I had been receiving this DFSR error in the event logs for some time, and couldn’t find any real resolution on it. The exact text of the error is:
Error: 1726 (The remote procedure call failed.)
Connection ID: 3880BBEC-6FC1-45B9-8750-196A7C32C9D8
Replication Group ID: B8242CE2-F5EB-47DA-BA5B-1DD2F7EE3AB9
This would cause a break in replication which wasn’t desirable during production hours. The strange thing was, it occurred every 5 minutes like clockwork, for all our servers separated by VPN.
I eventually discovered it was a problem with our Sonicwall devices providing the VPN connection. There was a 5 minute timeout value for TCP connections, which was being enforced on the DFSR connections for some reason.
While not an ideal solution, we have worked around this error by setting the value to a sufficiently high number.
UPDATE Sept 2011: I realized that the majority of this post was describing the problem and not the solution, so I’ve updated with clear instructions on what I’ve done to resolve this.
To start I only created these rules on my hub firewall at our head office. Doing them on each branch office wasn’t necessary.

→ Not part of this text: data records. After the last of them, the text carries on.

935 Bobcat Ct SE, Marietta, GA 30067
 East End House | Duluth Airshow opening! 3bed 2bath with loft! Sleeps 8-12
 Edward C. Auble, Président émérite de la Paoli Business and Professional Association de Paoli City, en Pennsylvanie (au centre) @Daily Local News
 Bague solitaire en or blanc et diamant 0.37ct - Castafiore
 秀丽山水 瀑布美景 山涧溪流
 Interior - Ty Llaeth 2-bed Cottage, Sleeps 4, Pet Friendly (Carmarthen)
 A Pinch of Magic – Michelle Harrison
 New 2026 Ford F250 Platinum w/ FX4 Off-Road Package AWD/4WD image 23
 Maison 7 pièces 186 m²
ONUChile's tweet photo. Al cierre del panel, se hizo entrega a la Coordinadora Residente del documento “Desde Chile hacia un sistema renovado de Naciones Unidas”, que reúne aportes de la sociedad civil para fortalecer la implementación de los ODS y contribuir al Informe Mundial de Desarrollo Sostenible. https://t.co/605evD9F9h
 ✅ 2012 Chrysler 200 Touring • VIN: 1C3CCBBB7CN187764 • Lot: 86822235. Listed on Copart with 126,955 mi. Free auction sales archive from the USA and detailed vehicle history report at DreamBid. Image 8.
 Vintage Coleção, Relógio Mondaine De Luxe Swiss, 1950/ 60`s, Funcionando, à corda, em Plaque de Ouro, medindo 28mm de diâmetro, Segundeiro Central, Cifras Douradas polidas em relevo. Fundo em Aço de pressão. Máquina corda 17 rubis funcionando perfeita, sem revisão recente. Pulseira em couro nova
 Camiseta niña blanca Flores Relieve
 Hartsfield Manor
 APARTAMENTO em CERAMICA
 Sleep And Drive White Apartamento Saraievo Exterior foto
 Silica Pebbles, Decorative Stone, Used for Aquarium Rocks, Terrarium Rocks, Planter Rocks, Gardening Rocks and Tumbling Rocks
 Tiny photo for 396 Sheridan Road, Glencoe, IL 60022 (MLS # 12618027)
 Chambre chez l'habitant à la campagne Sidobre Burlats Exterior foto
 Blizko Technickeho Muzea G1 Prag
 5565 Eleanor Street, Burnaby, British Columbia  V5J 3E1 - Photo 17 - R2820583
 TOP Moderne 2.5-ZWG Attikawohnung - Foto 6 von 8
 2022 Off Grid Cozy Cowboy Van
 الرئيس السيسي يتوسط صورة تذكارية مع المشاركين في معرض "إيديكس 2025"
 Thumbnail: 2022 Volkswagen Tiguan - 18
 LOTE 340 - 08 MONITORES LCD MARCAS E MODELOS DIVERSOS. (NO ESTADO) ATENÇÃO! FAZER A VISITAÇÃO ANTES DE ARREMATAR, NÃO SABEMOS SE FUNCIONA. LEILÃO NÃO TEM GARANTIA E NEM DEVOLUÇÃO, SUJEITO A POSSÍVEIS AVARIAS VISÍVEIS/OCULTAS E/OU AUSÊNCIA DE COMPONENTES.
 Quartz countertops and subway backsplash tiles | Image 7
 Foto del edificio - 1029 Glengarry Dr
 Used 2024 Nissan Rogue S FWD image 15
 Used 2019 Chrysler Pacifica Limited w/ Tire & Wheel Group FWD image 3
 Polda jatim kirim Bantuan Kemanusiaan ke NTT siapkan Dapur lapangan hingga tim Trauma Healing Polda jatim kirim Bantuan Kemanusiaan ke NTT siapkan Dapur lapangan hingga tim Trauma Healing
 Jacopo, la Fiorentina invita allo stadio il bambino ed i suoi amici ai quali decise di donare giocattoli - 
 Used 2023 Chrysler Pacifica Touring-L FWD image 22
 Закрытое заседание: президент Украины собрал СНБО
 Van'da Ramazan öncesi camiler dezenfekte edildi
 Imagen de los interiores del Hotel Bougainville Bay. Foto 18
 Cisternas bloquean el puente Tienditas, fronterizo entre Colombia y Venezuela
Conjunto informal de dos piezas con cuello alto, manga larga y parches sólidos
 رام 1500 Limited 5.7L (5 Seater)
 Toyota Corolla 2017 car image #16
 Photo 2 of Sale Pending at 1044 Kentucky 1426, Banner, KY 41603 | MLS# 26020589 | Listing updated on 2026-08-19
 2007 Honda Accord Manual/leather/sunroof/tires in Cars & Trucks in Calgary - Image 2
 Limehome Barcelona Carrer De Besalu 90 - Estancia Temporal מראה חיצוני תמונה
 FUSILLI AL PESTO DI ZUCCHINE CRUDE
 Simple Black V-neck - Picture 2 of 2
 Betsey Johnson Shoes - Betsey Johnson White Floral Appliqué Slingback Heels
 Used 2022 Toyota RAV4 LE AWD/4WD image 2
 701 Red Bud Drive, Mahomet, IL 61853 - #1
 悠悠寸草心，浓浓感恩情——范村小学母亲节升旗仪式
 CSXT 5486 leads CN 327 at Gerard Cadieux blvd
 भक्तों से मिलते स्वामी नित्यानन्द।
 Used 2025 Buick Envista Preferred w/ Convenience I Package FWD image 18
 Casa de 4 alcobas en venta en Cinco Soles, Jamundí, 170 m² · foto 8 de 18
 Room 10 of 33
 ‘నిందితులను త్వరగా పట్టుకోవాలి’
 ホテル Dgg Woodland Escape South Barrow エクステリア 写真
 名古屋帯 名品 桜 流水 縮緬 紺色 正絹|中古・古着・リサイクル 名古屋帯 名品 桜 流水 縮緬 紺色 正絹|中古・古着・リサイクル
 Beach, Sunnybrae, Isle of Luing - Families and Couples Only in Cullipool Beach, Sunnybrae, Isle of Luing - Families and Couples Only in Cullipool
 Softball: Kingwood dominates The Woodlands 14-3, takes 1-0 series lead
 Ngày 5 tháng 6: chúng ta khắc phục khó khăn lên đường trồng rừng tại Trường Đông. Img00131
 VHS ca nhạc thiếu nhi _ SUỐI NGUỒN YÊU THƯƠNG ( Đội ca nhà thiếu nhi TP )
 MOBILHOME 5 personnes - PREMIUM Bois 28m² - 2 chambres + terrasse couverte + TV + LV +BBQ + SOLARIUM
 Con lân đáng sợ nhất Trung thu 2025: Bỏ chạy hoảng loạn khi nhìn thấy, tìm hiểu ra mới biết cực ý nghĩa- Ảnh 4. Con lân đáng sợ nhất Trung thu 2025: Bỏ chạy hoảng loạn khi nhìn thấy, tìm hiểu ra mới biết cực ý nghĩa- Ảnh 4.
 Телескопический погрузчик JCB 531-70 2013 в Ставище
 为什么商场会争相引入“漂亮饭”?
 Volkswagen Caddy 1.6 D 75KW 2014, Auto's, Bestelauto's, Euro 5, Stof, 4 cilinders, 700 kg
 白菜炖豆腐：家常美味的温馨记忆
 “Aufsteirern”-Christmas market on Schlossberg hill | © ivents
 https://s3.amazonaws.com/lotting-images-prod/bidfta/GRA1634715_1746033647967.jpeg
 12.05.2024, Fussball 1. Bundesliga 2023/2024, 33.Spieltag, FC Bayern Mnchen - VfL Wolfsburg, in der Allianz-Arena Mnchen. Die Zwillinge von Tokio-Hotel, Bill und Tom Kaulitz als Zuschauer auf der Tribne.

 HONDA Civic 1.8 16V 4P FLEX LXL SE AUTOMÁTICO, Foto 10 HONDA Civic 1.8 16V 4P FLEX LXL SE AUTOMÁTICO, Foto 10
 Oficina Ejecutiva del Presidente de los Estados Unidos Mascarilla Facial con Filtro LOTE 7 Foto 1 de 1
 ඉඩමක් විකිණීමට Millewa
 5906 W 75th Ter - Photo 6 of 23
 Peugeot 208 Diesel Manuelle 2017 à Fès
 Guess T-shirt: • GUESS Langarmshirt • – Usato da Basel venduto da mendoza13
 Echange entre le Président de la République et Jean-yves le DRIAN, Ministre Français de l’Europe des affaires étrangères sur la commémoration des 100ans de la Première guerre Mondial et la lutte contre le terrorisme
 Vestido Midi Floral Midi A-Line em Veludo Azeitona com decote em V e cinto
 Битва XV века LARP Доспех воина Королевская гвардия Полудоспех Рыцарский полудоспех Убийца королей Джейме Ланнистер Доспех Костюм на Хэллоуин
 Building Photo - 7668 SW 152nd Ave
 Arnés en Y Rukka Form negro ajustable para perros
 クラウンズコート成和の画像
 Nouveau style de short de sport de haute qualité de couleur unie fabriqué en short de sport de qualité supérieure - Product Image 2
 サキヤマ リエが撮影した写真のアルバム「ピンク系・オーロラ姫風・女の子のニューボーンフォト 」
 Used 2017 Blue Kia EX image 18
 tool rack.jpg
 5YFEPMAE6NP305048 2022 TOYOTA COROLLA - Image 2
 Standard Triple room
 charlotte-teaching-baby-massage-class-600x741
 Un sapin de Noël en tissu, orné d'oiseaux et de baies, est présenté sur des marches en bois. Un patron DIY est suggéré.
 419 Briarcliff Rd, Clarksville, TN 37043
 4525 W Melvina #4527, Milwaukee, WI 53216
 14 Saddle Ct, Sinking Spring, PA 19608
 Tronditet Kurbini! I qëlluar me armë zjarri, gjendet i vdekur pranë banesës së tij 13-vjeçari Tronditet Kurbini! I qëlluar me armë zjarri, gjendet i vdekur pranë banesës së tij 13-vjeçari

I created address objects for each of my DFS servers, and placed them into two groups – one for local (from the firewall’s perspective) and one for servers across a VPN link.
Then using the firewall rules matrix, I create two rules, one in each of the indicated sections:
On the properties for each rule, on the Advanced tab, increase the TCP connection timeout to some large value:
This was necessary for my Sonicwall Pro 4060 running SonicOS Enhanced 126.96.36.199-51e. In a couple of days we are replacing this with an NSA 2400 on SonicOS 5.8.x, so I’ll disable these rules to see if the issue still occurs on new hardware.